Bachman is the premier bullshit artist of ‘Silicon Valley’
In “Customer Support,” we get a fresh reminder of why Miller’s character has been so integral to the show’s overarching belief that modern technology is equal parts ambitious and ludicrous. Richard is attempting to build out his idea of a “new internet” — effectively a peer-to-peer network built off smartphones — by selling businesses on a data storage solution that could save them millions. The only problem: like so many of Richard’s dreams, he hasn’t quite been able to realize it yet. The product doesn’t exist, and yet the team still has to try and sell it to get the funds they so desperately need.
That’s where Bachman comes in, and more specifically where his particular con man philosophy shines. While Richard spends much of “Customer Support” keeping Bachman’s sexist and moronic impulses at bay, he still on some level recognizes that the whole exercise really is a game of make-believe. He has to convince businesses that his compression algorithm can function the way he thinks it can, without any research or even experience to support the claim. In other words, he has to bullshit. (Bachman’s skills are even further highlighted later in the episode, when he convinces Palmer Luckey-like virtual reality whiz kid Keenan Feldspar to choose Laurie and Monica as potential investors.)
This type of scenario has played out countless times in the real tech industry, where either out of a good faith, hidden desperation, or blind hope, someone sells a room of intelligent people on an idea that isn’t quite there yet. There’s the numerous now-defunct startups that promised to simplify our lives with “all-in-one” credit cards that didn’t work all that well.
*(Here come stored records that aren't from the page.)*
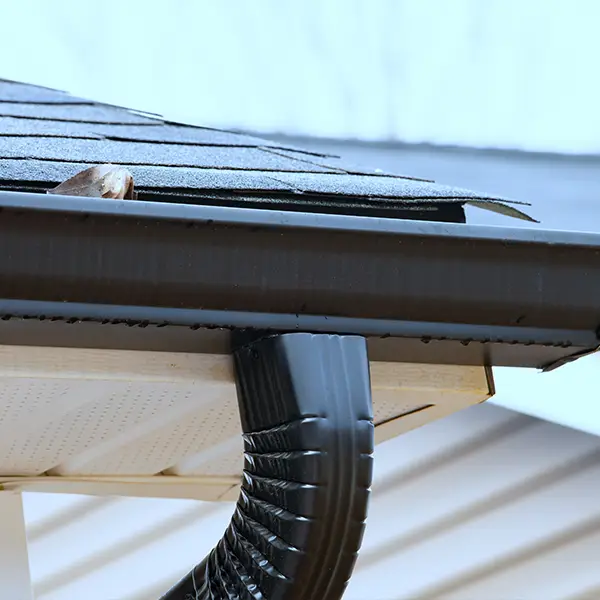 Why Plainfield, IL Homeowners Choose Plainfield Roofing Pro?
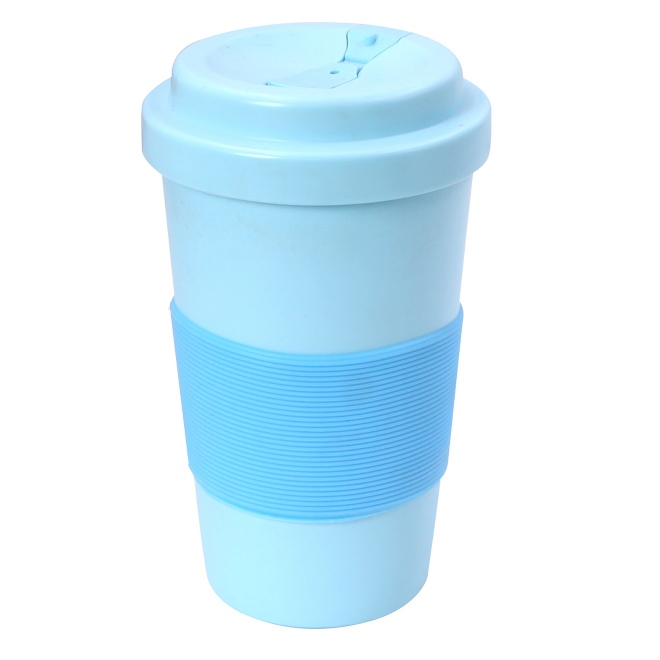 Eco Friendly Compostable Pla cold Drink Cup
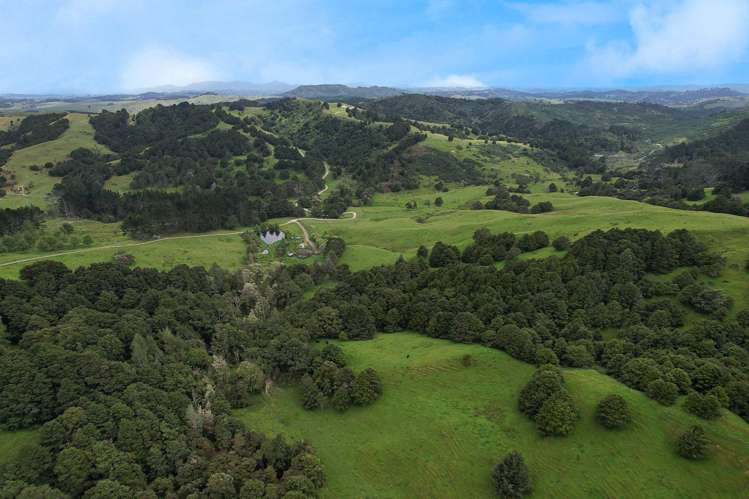 Lot 2/347 Porter Road Paparoa_6
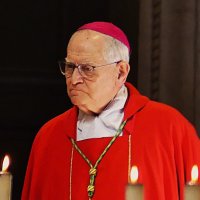 Вечный город Рим(серия) :: Владимир Манкер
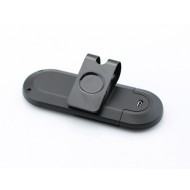Handsfree car kit bluetooth
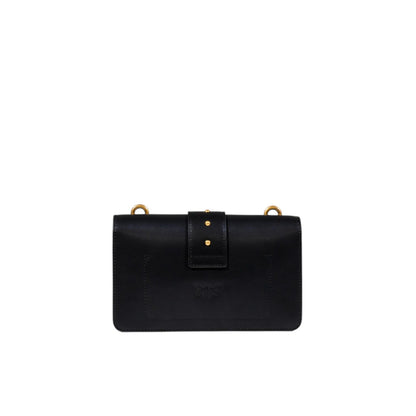 Pinko Femme Sacs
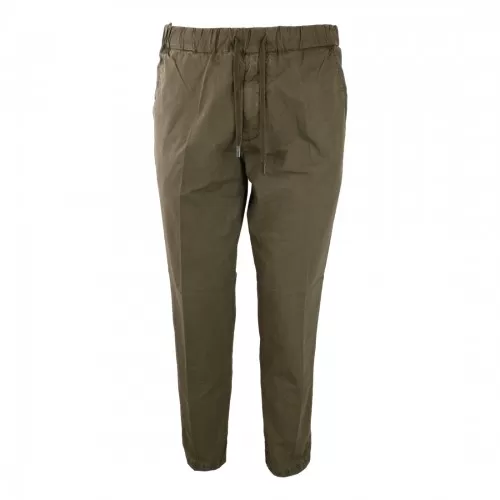 PANTALONE LUNGO J.O.LUXURY STYLE 23PG1617 26
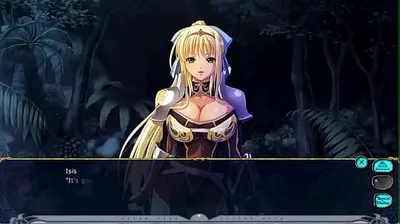 JAVHD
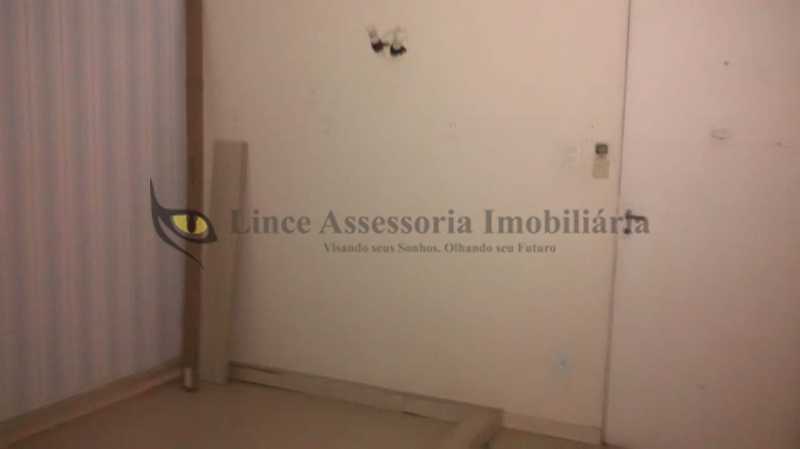 Conjunto Comercial-Sala à venda, 36m² - Foto 13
Better yet, remember mobile payments nightmare Clinkle that ended up crashing and burning in an attempt to invent a new way to pay with your phone?
Even products that functioned as intended, like social networks and chat apps, vacuumed up millions in VC funding only to fail at maintaining the meteoric growth necessary to survive as free software in the App Store. (See: Airtime, Formspring, Meerkat, Secret, Yik Yak.)
Where does ‘Silicon Valley’ go without Bachman?
What’s so interesting about this particular plot point on Silicon Valley is that it happens to dovetail neatly with some intriguing real-life news: Miller won’t be returning for the renewed season 5 of Silicon Valley. HBO described the departure as a “mutual agreement,” and many speculate Miller is just gearing up for a more serious movie career given his new comedy special and a string of voice acting gigs in big-name productions.
Yet it still raises an interesting question about the future of the show. I’m sure Judge, Berg, and their writers will concoct an excellent and fitting departure for Bachman in the season 5 premiere, in the same way they deftly handled the death of actor Christopher Evan Welch, who played VC Peter Gregory. But what’s a bit of satire on the bullshit in Silicon Valley without its premier bullshit artist?
Perhaps Bighead’s newfound skills pretending to be a Stanford CS professor will have prepared him to inherit the mantle? Or maybe Gilfoyle, with his empathy-devoid deadpan personality, will step up to be the anti-Bachman — the fresh dose of no-bullshit attitude the Pied Piper crew needs to finally break through. Because I think we can all agree that while Dinesh played the part well, he didn’t have what it takes to bullshit his way to the top.